Невозможно было не заглянуть в шкаф, распахнутый настежь. У Клем полный бардак! Если она когда-нибудь найдет себе пару, нелегко будет приучиться к мирному сосуществованию…
Как и мне, надеюсь. Клем, ты меня научишь?
Куча книг. Чемодан Клем, наверное, тонну весил, и никаких кружевных трусиков или легкой юбочки, чтобы это уравновесить, только удобные вещи, которые выглядели так, будто куплены с рук у легионеров, вернувшихся из похода в Сахару.
Я наскоро просмотрела обложки: классика, пара книжек ПИФа, словари синонимов и рифм; здесь же блокноты, на корешках которых Клем написала названия.
Ничего себе, если все это читать, ушло бы много часов, не одна ночь… Я буду последней дурой, если начну.
Я уже потащила стул на середину комнаты, мне не терпелось выбраться оттуда и как ни в чем не бывало присоединиться к По и Моане перед телевизором, и вдруг заметила, что ящик одной из двух тумбочек приоткрыт.
Я себя ругала, клянусь вам, я себя ругала, но любопытство и на этот раз оказалось сильнее. Отпустив стул, я потянула за ручку. И снова фотография. Только на этот раз я узнала, кто на ней.
Титина!
Титина — намного моложе, наверное, лет тридцати, снятая где-то в Бельгии. Похоже, было очень холодно. Она в белой шапочке, щеки посинели. Молодая Титина оказалась не такой хорошенькой, как я себе представляла, толстушка с круглым лицом и круглыми грудями, но улыбка затмевала все. Мультяшная улыбка до ушей и искрящиеся глаза, глядящие на фотографа. Может, это был тот самый ее возлюбленный? С которым она больше никогда не встречалась?
Еще одно уравнение с тридцатью шестью неизвестными!
Откуда у Клем эта фотография Титины?
Какая тайная связь могла существовать между ними? Мартине было лет семьдесят, а Клем, наверное, чуть за тридцать.
Мать и дочь?
Почему бы и нет, хотя вряд ли — ни малейшего сходства между ними не заметно.
Я снова принялась разглядывать снимок, всматриваясь в мельчайшие детали. И чем дальше, тем больше убеждалась в том, во что невозможно было поверить, — мне казалось, что это слишком глупо.
Фотография была сделана около сорока лет назад на площади какого-то бельгийского города.
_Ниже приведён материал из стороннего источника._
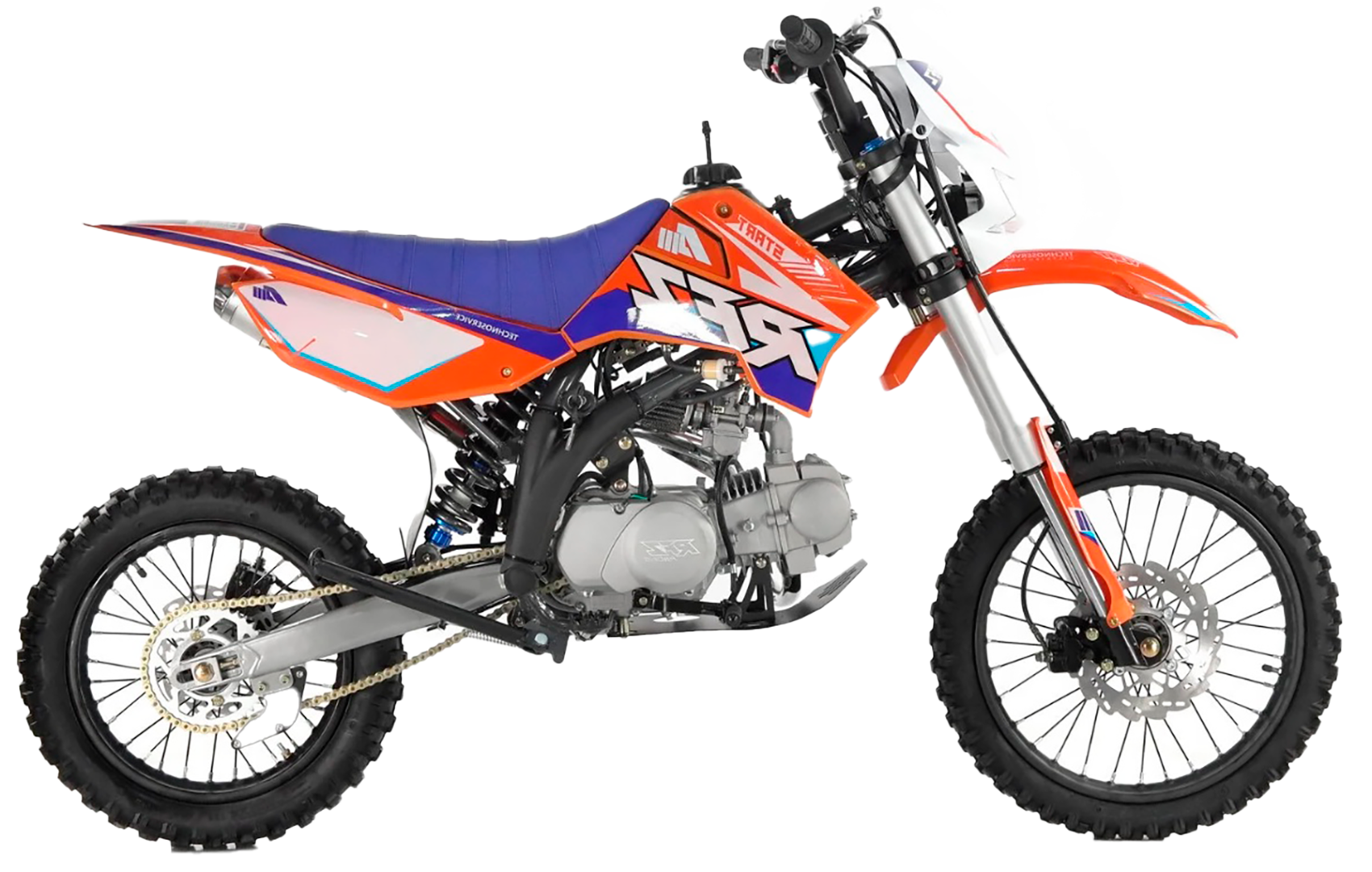 Питбайк Apollo RFZ START 125LE 17х14 Оранжевый (фара, электростартер) pitbikemarket.ru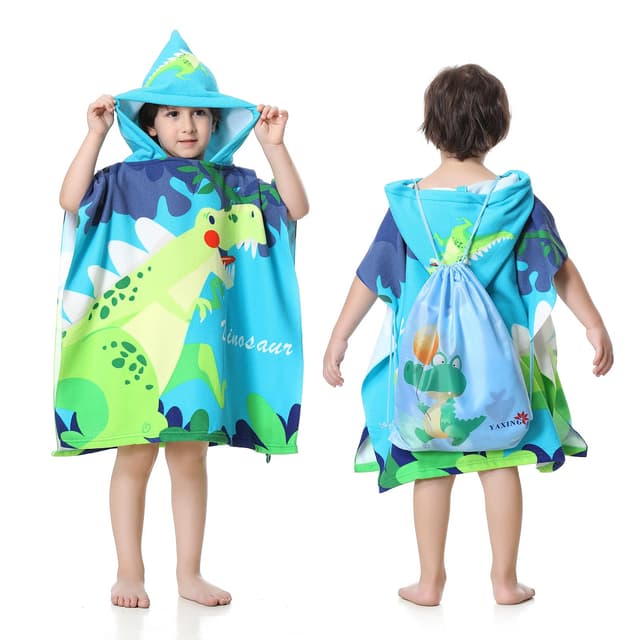 MOKANI Badeponcho Kinder mit Kapuze, Mikrofaser Handtuch Poncho mit Kordelzugbeutel 🦖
Я тогда еще не родилась, и я никогда не была в Бельгии… И все же я не сомневалась, что уже видела это лицо.
Лицо тридцатилетней Титины.
Моя бутылка в океане
Глава 14
— Вперед! — вопит Мари-Амбр.
Янн только что свернул с единственного асфальтированного шоссе острова на дорогу, ведущую к Пуамау.
Двадцать километров. Сорок пять минут по ухабам.